Every day, someone reaches the front of the line to have an opinion about Brexit. And every day, it creeps a little closer. Time moves strangely: on the one hand, tick-tocking to the tappety tap tap tap of people paid to have opinions; on the other, coming straight down the tracks with the clackety clack clack of a runaway train.
At this stage, I’m sure I’m not alone in wanting it to be over and done with, in one way or another, and yet you can’t shake the realisation that this is how we live now. Whatever happens, the bickering will continue and the tappety tap tap will go on forever.
I still remain (fnar) torn between my intellectual awareness that we can’t have socialism within the neoliberal culture of the EU and my intellectual awareness that we can’t have socialism because my neighbours (and yours, and yours) are fuckwits. And so I wish we could stay in the EU, because then at least I could get out of this fucking country and away from my fuckwit neighbours as soon as I retire.
If capital has freedom of movement, then people should too. Why should money have more rights than people?
Another sign of the forthcoming End of All Things is the BBC’s decision to make its popular Fortunately podcast exclusively available on the BBC Sounds app.
Now, the great thing about podcasting, up to now, has been that, as a new medium, it was open and free, and anybody could make one. The cost of entry being low has enabled a burgeoning of independent producers who have carved out their niches and their audiences on an equal footing with the big players (traditional broadcasters).
There have been signs of late that this situation was coming to an end. Large corporations introducing exclusive content on proprietary apps. For example, Jon Ronson has produced exclusive content for Stitcher and Audible.

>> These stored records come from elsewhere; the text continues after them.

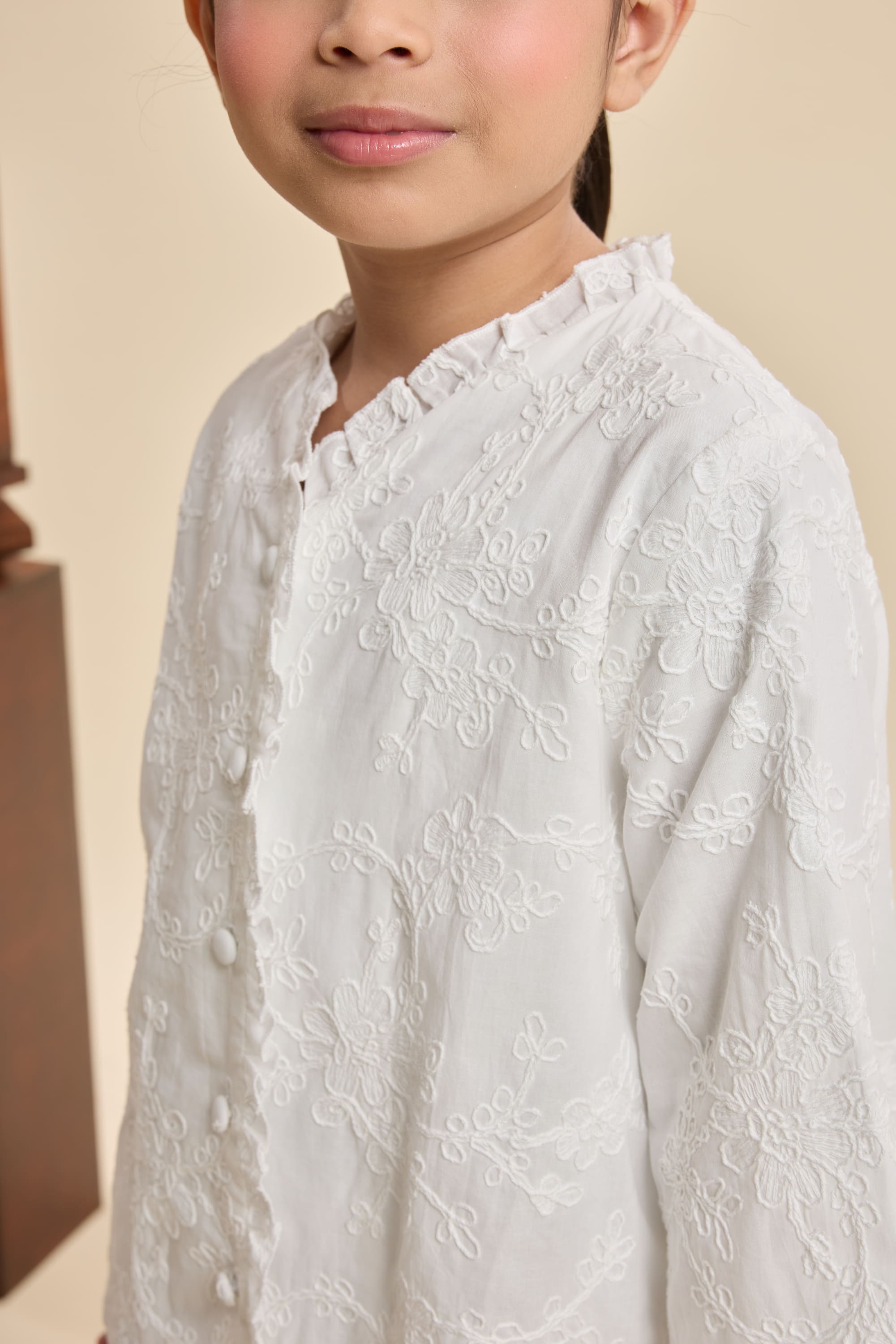 Aryana White Mini Ruffle Kebaya Set
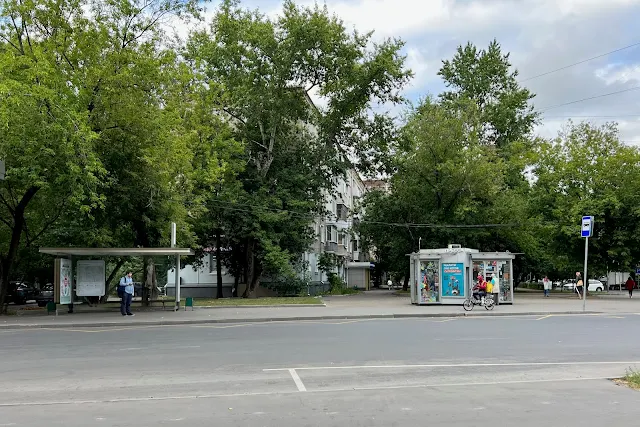 Часовая улица, улица Черняховского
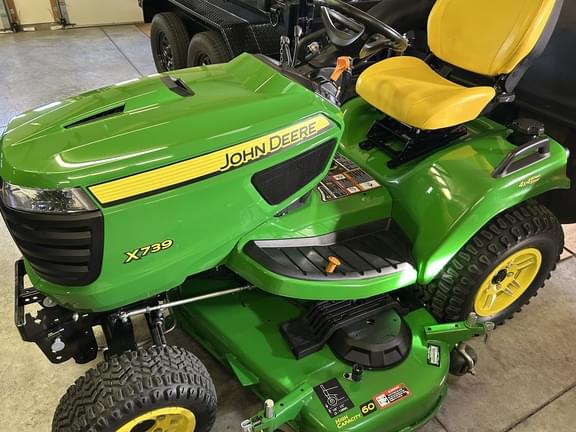 Image of John Deere X739 equipment image 1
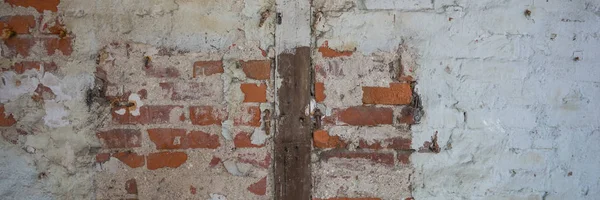 Antigua pared de ladrillo con vigas de madera como fondo —  Fotos de Stock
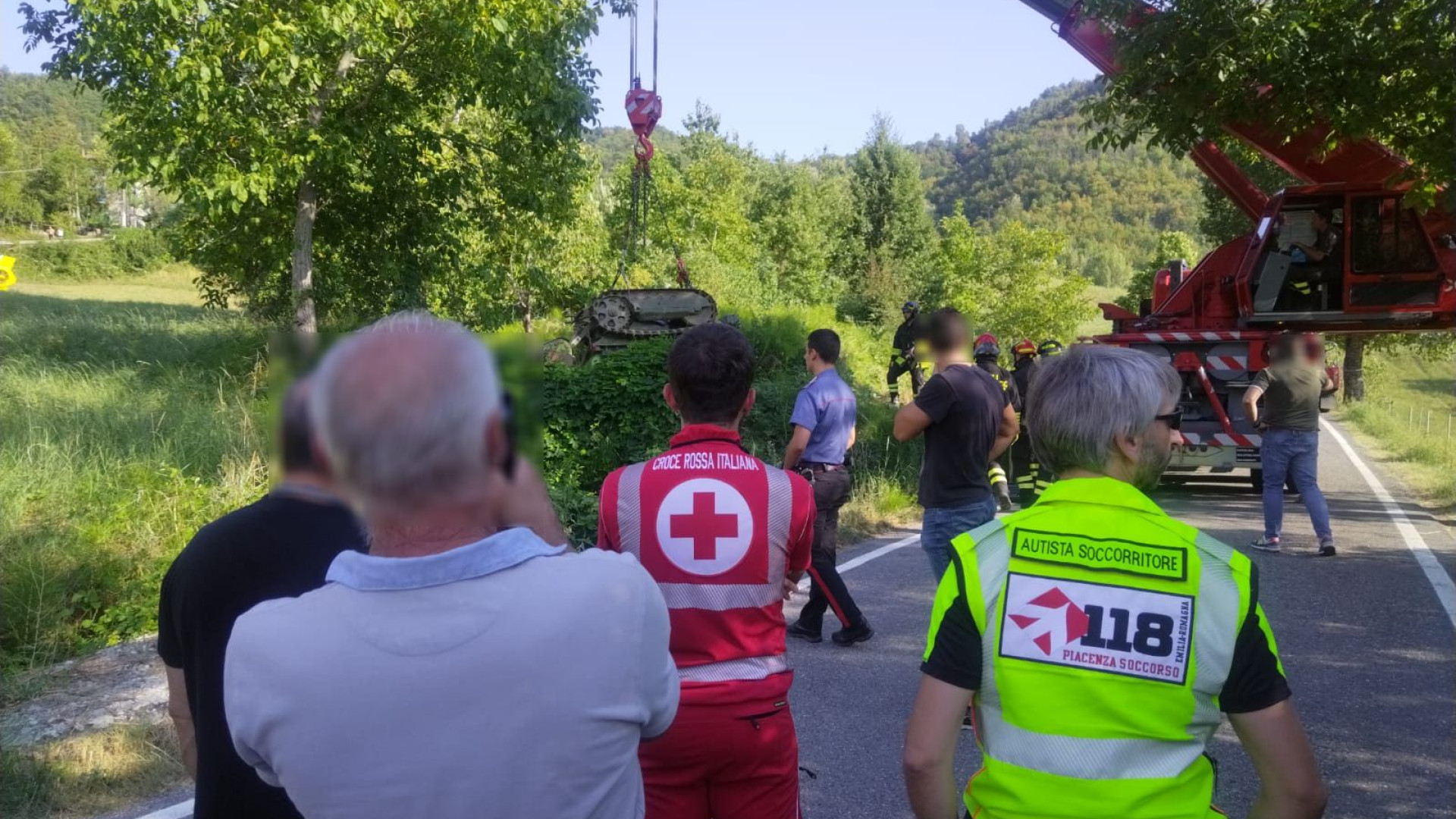 Tragedia in alta Val Trebbia, 56enne muore schiacciato dal suo trattore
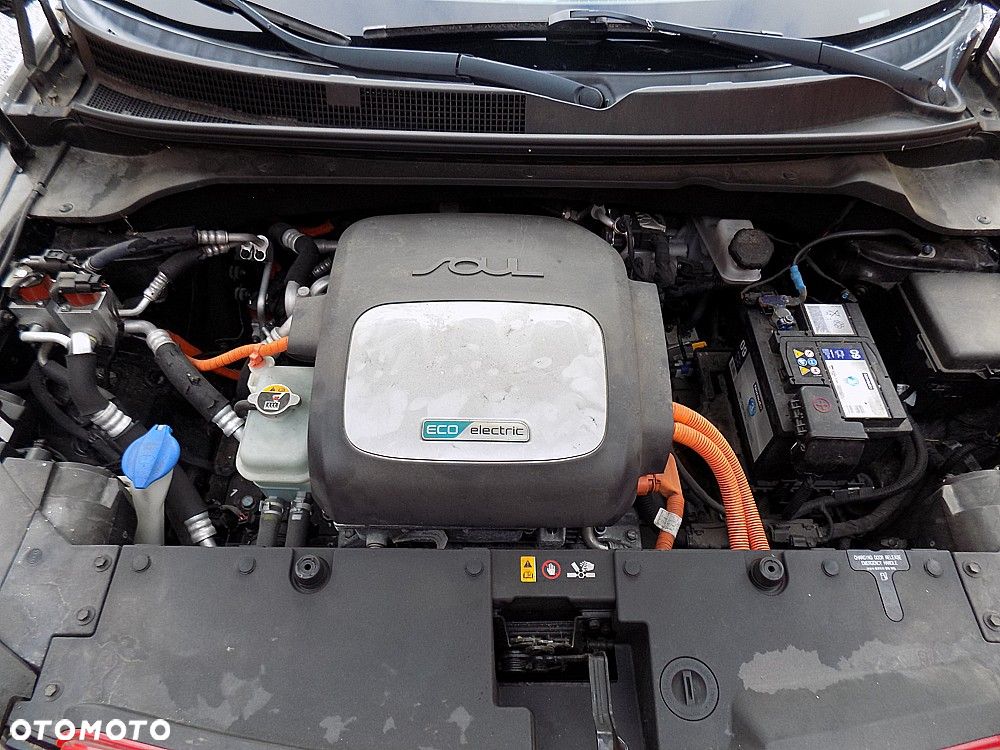 Kia Soul Plug - 26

But this Fortunately fiasco is the first time that something I care about has been taken off the open internet (RSS feed/on iTunes) and put into a “walled garden” that required you to have a specific app to listen. And I hate it, of course. Not just because of the inconvenience, but because it’s so unnecessary. The BBC has a massive platform and has no need to muscle in on the world of podcasting with its heavyweight app: especially as it already had the iPlayer Radio app.
Now, I fully understand that the under-35s aren’t bothering with BBC radio or iPlayer. And I fully understand that the BBC wants to ensure it has a future: hence, the trendy “Sounds” app with its wall-to-wall recommendations clearly aimed at people much younger than me.
I looked at it, as I was encouraged to, and hated it. It makes you log in with a BBC ID, and claims that it will tailor content for you, but then proceeded to show me almost nothing but music and sport recommendations, when I literally never listen to either of them on the BBC. The last time I tuned into a radio station to hear some music was the day Radio Caroline sank in the North Sea. So I genuinely hated it, and even though I gave it a couple more tries, I returned to iPlayer for my BBC listening, and will stick to Overcast for podcasts. Until the bitter end.
The BBC did almost immediately back down and put Fortunately on iPlayer, and claim that the exclusivity will end after a while, but still. Stop messing with podcasts. Free and open and independent podcasting is clinging on, and when it’s gone we will miss it, just like we’ll miss all the high street shops when they’re gone.